Aim of the task –
Copy the lines exactly as they appear, starting with the first line of the records and ending with the line that contains "Gnome Valentine Shower".

════════

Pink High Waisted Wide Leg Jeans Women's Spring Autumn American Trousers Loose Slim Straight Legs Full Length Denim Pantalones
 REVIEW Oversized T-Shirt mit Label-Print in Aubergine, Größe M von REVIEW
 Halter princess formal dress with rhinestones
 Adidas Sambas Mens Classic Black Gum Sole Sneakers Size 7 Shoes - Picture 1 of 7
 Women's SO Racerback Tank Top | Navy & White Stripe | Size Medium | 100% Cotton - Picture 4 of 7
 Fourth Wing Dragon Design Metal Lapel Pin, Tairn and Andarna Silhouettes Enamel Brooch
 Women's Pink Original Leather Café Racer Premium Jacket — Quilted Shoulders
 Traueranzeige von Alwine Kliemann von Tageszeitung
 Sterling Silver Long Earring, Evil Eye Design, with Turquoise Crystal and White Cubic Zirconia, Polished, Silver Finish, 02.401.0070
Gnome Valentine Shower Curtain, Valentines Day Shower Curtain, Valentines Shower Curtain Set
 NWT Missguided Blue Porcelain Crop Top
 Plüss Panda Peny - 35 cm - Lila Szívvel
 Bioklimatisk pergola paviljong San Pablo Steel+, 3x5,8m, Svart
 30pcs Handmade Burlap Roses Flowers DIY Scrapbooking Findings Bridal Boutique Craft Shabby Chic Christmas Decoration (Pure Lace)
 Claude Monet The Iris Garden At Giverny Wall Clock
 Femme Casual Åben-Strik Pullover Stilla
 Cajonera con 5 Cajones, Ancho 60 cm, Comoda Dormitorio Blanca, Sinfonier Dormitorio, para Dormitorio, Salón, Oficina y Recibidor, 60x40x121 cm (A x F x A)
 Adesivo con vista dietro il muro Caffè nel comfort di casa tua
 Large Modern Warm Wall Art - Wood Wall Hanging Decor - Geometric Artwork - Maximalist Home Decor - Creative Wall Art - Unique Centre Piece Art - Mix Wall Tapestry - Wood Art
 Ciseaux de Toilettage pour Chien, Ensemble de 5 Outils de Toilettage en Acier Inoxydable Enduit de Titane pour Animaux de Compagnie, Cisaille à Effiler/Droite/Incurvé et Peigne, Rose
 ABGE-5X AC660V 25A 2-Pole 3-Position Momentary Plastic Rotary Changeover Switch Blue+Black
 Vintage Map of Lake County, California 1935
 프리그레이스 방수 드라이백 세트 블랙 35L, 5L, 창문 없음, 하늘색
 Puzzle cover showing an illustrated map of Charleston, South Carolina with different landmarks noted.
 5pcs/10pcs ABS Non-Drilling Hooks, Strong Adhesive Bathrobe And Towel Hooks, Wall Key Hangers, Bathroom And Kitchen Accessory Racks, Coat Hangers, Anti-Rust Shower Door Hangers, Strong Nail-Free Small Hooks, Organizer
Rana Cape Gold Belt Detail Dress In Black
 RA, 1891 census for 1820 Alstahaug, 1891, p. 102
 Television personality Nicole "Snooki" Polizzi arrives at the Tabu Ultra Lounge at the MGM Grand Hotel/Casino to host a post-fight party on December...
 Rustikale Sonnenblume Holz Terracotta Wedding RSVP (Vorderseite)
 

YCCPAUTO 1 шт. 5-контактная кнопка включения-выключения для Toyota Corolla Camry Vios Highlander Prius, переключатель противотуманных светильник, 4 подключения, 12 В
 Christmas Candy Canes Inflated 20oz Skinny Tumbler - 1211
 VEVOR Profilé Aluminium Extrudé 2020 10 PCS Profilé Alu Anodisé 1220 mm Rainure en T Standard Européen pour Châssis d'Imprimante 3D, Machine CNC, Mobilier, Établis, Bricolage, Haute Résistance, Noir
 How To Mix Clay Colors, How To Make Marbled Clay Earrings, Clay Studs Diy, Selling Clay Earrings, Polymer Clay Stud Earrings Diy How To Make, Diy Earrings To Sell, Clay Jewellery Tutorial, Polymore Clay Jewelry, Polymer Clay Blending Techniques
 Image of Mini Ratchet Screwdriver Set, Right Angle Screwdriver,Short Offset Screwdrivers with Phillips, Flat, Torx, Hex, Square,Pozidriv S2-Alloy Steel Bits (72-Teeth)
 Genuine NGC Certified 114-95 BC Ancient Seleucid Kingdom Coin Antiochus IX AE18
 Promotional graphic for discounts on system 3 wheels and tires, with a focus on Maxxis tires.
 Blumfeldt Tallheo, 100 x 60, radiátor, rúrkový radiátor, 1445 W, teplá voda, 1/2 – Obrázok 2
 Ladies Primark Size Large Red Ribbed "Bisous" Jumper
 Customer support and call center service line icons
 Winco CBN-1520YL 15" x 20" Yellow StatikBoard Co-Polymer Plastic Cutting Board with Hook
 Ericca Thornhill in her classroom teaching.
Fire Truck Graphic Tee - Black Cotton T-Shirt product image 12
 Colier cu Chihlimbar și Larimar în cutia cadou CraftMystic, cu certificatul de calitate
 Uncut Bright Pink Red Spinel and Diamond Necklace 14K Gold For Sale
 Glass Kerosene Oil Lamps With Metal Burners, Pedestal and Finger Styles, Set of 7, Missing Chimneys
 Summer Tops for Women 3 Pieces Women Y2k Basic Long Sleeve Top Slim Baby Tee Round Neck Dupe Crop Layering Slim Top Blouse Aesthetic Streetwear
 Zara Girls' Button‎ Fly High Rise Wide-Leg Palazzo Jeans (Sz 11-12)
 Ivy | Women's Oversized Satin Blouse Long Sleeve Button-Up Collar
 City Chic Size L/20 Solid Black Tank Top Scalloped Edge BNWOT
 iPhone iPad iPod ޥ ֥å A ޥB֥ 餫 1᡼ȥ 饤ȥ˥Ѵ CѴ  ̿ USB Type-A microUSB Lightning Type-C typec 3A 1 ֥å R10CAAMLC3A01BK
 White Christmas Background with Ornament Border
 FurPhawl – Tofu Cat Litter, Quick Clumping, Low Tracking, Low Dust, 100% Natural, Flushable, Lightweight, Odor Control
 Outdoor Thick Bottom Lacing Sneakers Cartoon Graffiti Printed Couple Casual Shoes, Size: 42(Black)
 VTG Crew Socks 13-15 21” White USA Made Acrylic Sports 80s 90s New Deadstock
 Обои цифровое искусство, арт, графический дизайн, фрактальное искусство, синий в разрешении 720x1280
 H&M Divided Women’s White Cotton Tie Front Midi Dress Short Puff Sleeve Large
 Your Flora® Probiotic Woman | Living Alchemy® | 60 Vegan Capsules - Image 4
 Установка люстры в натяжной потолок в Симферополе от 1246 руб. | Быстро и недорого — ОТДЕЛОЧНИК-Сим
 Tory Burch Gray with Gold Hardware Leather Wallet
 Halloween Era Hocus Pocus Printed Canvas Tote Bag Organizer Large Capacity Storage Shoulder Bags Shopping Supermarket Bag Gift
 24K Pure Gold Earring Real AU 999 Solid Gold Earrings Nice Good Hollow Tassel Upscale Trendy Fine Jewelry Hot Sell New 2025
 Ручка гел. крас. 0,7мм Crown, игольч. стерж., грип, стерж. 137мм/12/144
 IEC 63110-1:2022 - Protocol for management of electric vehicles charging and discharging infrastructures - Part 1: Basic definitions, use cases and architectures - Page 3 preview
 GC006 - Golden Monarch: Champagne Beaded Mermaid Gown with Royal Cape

════════

Result for this task –
Pink High Waisted Wide Leg Jeans Women's Spring Autumn American Trousers Loose Slim Straight Legs Full Length Denim Pantalones
 REVIEW Oversized T-Shirt mit Label-Print in Aubergine, Größe M von REVIEW
 Halter princess formal dress with rhinestones
 Adidas Sambas Mens Classic Black Gum Sole Sneakers Size 7 Shoes - Picture 1 of 7
 Women's SO Racerback Tank Top | Navy & White Stripe | Size Medium | 100% Cotton - Picture 4 of 7
 Fourth Wing Dragon Design Metal Lapel Pin, Tairn and Andarna Silhouettes Enamel Brooch
 Women's Pink Original Leather Café Racer Premium Jacket — Quilted Shoulders
 Traueranzeige von Alwine Kliemann von Tageszeitung
 Sterling Silver Long Earring, Evil Eye Design, with Turquoise Crystal and White Cubic Zirconia, Polished, Silver Finish, 02.401.0070
Gnome Valentine Shower Curtain, Valentines Day Shower Curtain, Valentines Shower Curtain Set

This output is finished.